Limit  (cost=... rows=500 ...)  (actual time=12.3..89.4 rows=500 loops=1)
  -> Sort  (cost=... rows=2840 ...)  (actual time=12.3..87.2 rows=500 loops=1)
       Sort Key: (ST_Distance(...)) ASC
       ->  Index Scan using idx_obs_geom on spatial_observations_2024 o
             (cost=... rows=2840 ...)  (actual time=0.8..10.1 rows=2840 loops=1)
             Index Cond: (geom && _st_expand(...))    ← pass 1: bounding box
             Filter: (ST_DWithin(...) AND quality_flag = 0)  ← pass 2: exact
             Rows Removed by Filter: 1210             ← false positives discarded
 Planning Time: 2.1 ms
 Execution Time: 89.7 ms

What to read:

"spatial_observations_2024" — partition pruning worked. Only the 2024 partition
was opened. The 2023 and 2025 partitions were not touched, because the planner
could see from the acquired_at range that they contain no relevant data.

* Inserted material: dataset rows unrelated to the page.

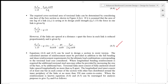Where longitudinal bending reinforcement is required, the additional torsional steel area may be provided by increasing the bar sizes or by adding extra bars. Torsional links must consist of fully anchored closed links spaced longitudinally no more than u_k / 8 apart. The longitudinal steel must include at least one bar in each corner of the section, with other bars distributed around the inner periphery of the links at no more than 350 mm centre to centre.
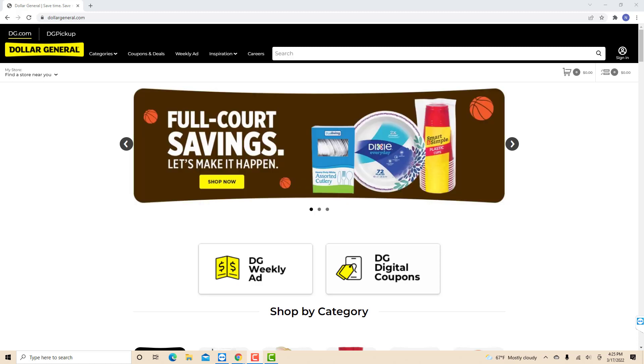Hey guys, this is Northville Tech. In this video, we're going to learn how to change your password on Dollar General.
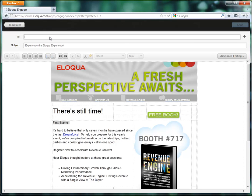I'm going to add a contact here. And hit enter, and we'll actually create them as a contact.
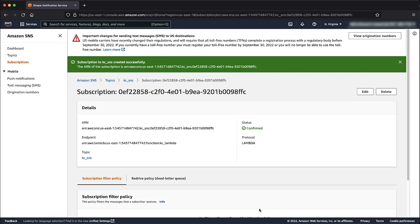You can also perform this action using the SNS Subscribe CLI command, which you can find in the Knowledge Center article. And now you know how to authorize your Lambda function when subscribing it to an SNS Topic. Thanks for watching and happy cloud computing from all of us here at AWS.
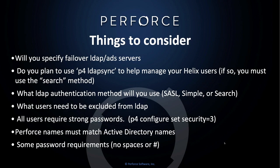All users require strong passwords, which is security equals 3. You can determine the security level on your server by typing P4 counter security. Perforce names must match Active Directory names exactly for LDAP to work. Some password requirements are that your users cannot use spaces or pounds in their passwords.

"Index Scan using idx_obs_geom" — the GIST index was used. If this says
"Seq Scan", either the index does not exist, or the planner estimated that the
spatial selectivity was too low to make the index worthwhile.

"Index Cond: (geom && _st_expand(...))" — this is the bounding-box pass (pass 1).
The && operator is bounding-box intersection. _st_expand inflates the query
point by 5000 metres to create the candidate bounding box. All rows whose
bounding box intersects this expanded box are returned as candidates.

"Filter: ST_DWithin(...)" — this is the exact geometry pass (pass 2),
applied only to the candidates from pass 1.

"Rows Removed by Filter: 1210" — 1,210 rows passed the bounding-box filter
but failed the exact ST_DWithin check (false positives). This is normal.
A false-positive rate below 50% indicates the index is doing its job.
Above 80% suggests the query is not very spatially selective and the planner
may be correct to avoid the index for similar queries.

"Execution Time: 89.7 ms" — acceptable for an interactive response.
If this were 5–10 seconds, the next investigation would be:
  (a) Is the index on the partition or only on the parent?
  (b) Has ANALYZE been run recently? (VACUUM ANALYZE spatial_observations_2024)
  (c) Is the spatial extent of the query large relative to the dataset extent?
      If so, the index is not selective and a different approach is needed.
*/

The schema above is not a template to copy without reading. Every CREATE INDEX is a maintenance cost: indexes slow down INSERT and UPDATE because every write must update the index structure. On a table that receives millions of inserts per hour from a streaming pipeline, the GIST index may need to be built after the fact during a maintenance window rather than kept live. Know your write pattern before you add indexes.